Researchers think they have a better understanding for how ancient North Americans thrived for centuries in northwestern New Mexico's arid desert.
A multidisciplinary team of experts from the University of Cincinnati determined that the sandy soils of Chaco Canyon were not too salty to grow crops such as maize, beans and squash for the more than 1,200 people who occupied this beautiful but harsh landscape during its most prolific years.
Researchers have long debated whether the people who lived here between 800 and 1300 AD were self-sufficient or relied partially or entirely on imported food to survive. These ancestral Puebloans built elaborate adobe structures, some of them four stories tall and recessed among cliff faces under the hot New Mexico sun.
Some previous research suggested that the desert soils simply were too saline for agriculture. The implication was that Chaco Canyon could not support a large resident population without lots of outside help. Alternately, researchers speculated that Chaco Canyon, a place of religious importance, maintained a small resident population that served and benefited from a larger population of visitors making pilgrimages.
But UC's soil analysis suggests that the most significant challenge for growing crops was irrigation.

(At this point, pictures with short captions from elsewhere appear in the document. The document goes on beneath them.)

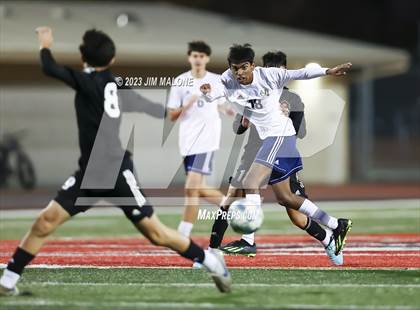 Thumbnail 1 in Milpitas @ James Logan photogallery.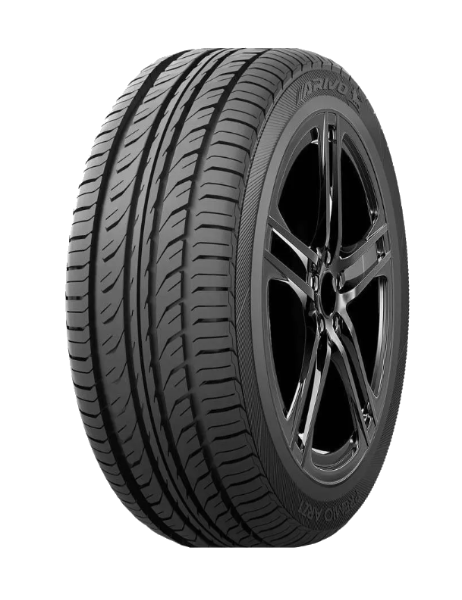 Arivo Premio ARZ1 185/65 R15 88 H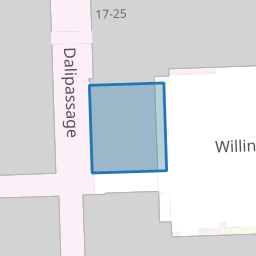 Perceel EMN00-K-2712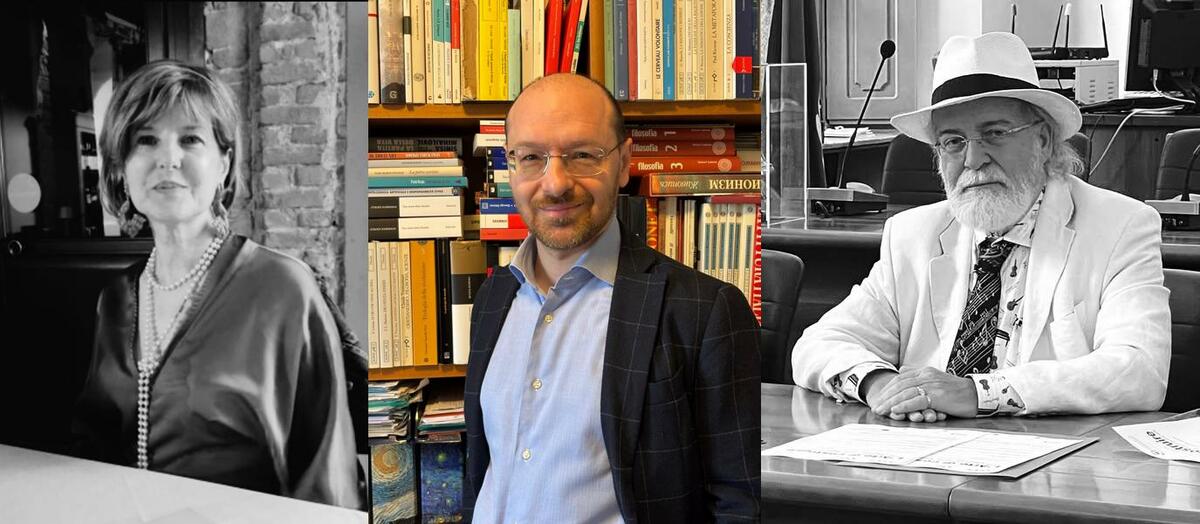 Al via il secondo appuntamento di “Domeniche Insieme. Incontri d’Amicizia”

That's where ancestral Puebloans demonstrated particularly adroit farming skills and perceptive land management, said Jon-Paul McCool, a UC graduate and lead author of the study.
"The major limitation is water. You couldn't rely on rain for field agriculture," McCool said. "You'd have to gather and control water, which we know people in the region did."
McCool earned PhD and master's degrees in geography and museum studies at UC and now teaches at Valparaiso University.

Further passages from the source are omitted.